→ **EXERCISE DIRECTIONS**: Each entry is to be retyped exactly as it appears. Leave the images out.

→ **Crawled caption data**:
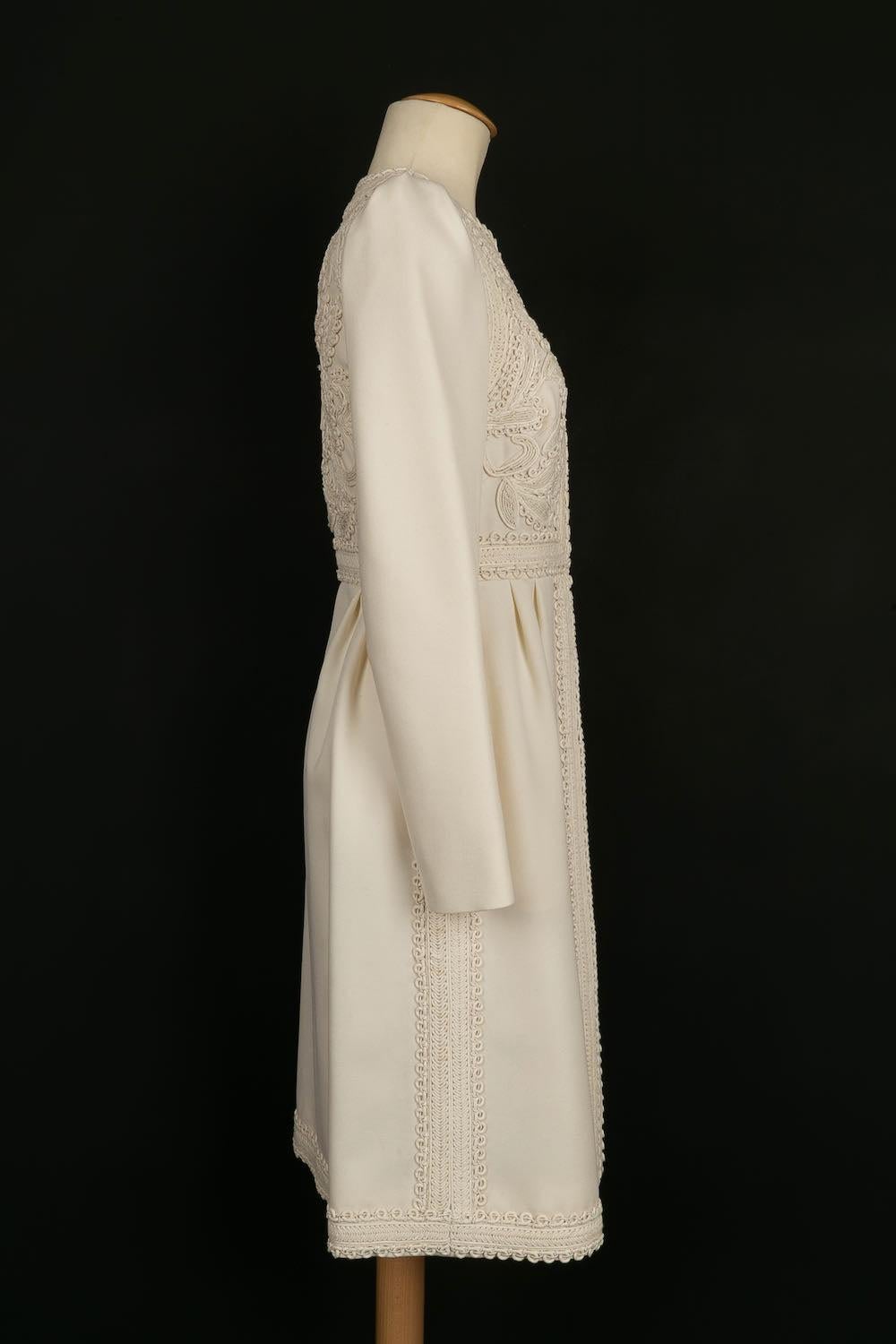 Valentino -(Made in Italy) Embroidered coat in white ecru. Size 40IT, it fits a 36FR.

Additional information: 
Dimensions: Shoulder width: 38 cm, Chest: 41 cm, Waist: 35 cm, Sleeve length: 64 cm, Length: 110 cm
Condition: Very good condition
Seller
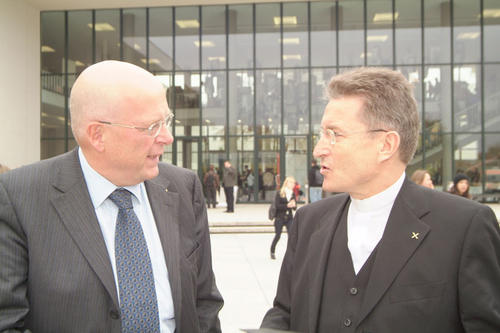 Univ.-Prof. Dr. Dieter Lenzen mit Bischof Prof. Dr. Wolfgang Huber vor dem Henry-Ford-Bau.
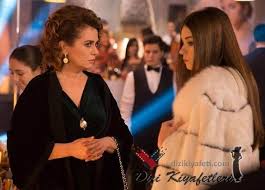 Fazilet hanım ve kızları adlı dizinin kadrosunda izlediğimiz afra saraçoğlu verdiği bir röportajda oyunculukta kırmızıçizgileri olduğundan bahsetti. Fazilet Hanim Ve Kizlari Kiyafetleri 25 Bolum Dizi Kiyafetleri Ve Modasi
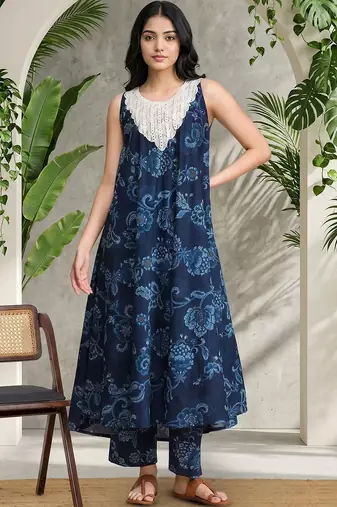 Women Ethnic Motifs Printed Regular Thread Work Pure Cotton Kurta with Trousers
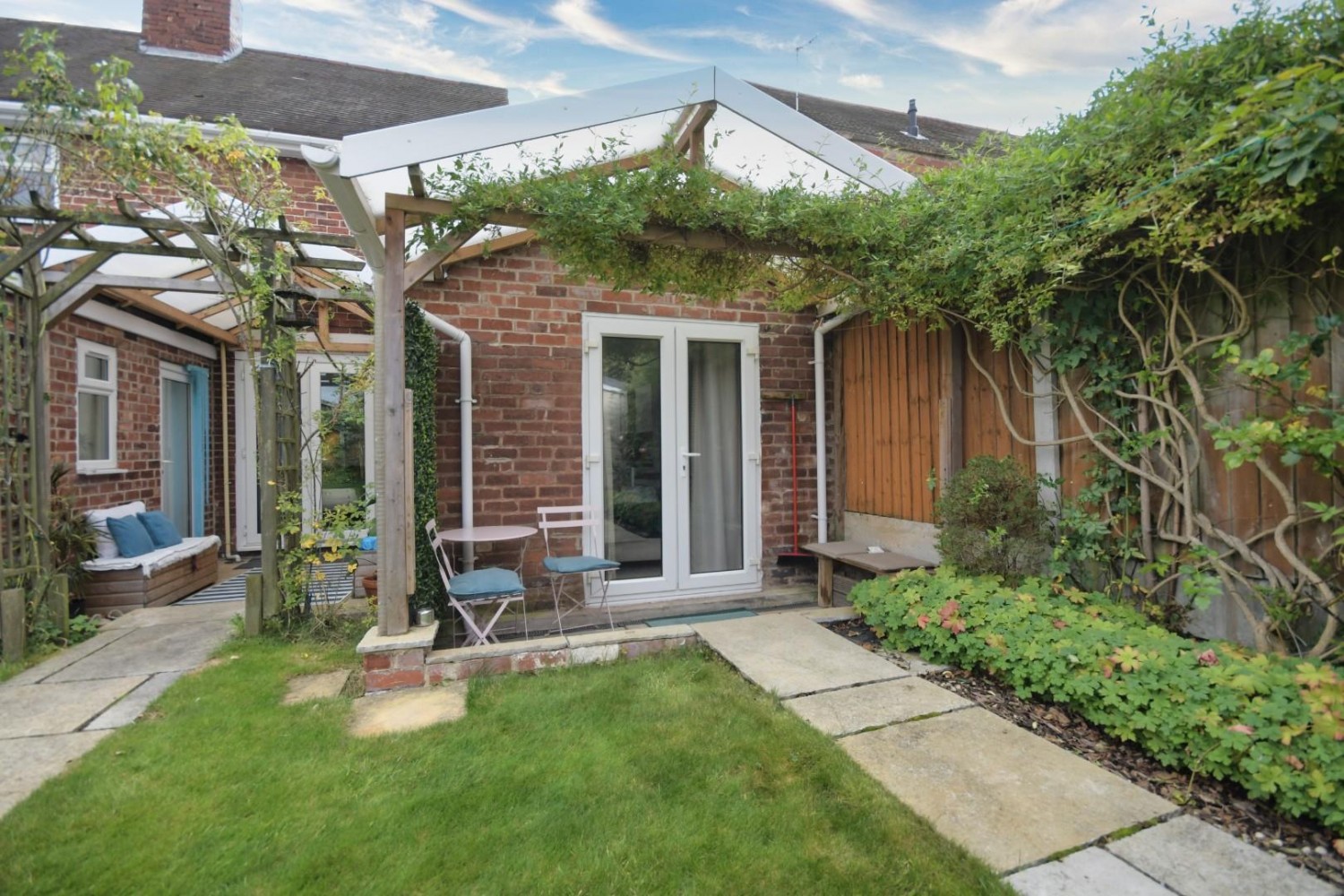 4 bedroom House for sale in Queen Victoria Road, New Tupton, Chesterfield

→ **TASK ANSWER**:
 Valentino -(Made in Italy) Embroidered coat in white ecru. Size 40IT, it fits a 36FR.

Additional information: 
Dimensions: Shoulder width: 38 cm, Chest: 41 cm, Waist: 35 cm, Sleeve length: 64 cm, Length: 110 cm
Condition: Very good condition
Seller
 Univ.-Prof. Dr. Dieter Lenzen mit Bischof Prof. Dr. Wolfgang Huber vor dem Henry-Ford-Bau.
 Fazilet hanım ve kızları adlı dizinin kadrosunda izlediğimiz afra saraçoğlu verdiği bir röportajda oyunculukta kırmızıçizgileri olduğundan bahsetti. Fazilet Hanim Ve Kizlari Kiyafetleri 25 Bolum Dizi Kiyafetleri Ve Modasi
 Women Ethnic Motifs Printed Regular Thread Work Pure Cotton Kurta with Trousers
 4 bedroom House for sale in Queen Victoria Road, New Tupton, Chesterfield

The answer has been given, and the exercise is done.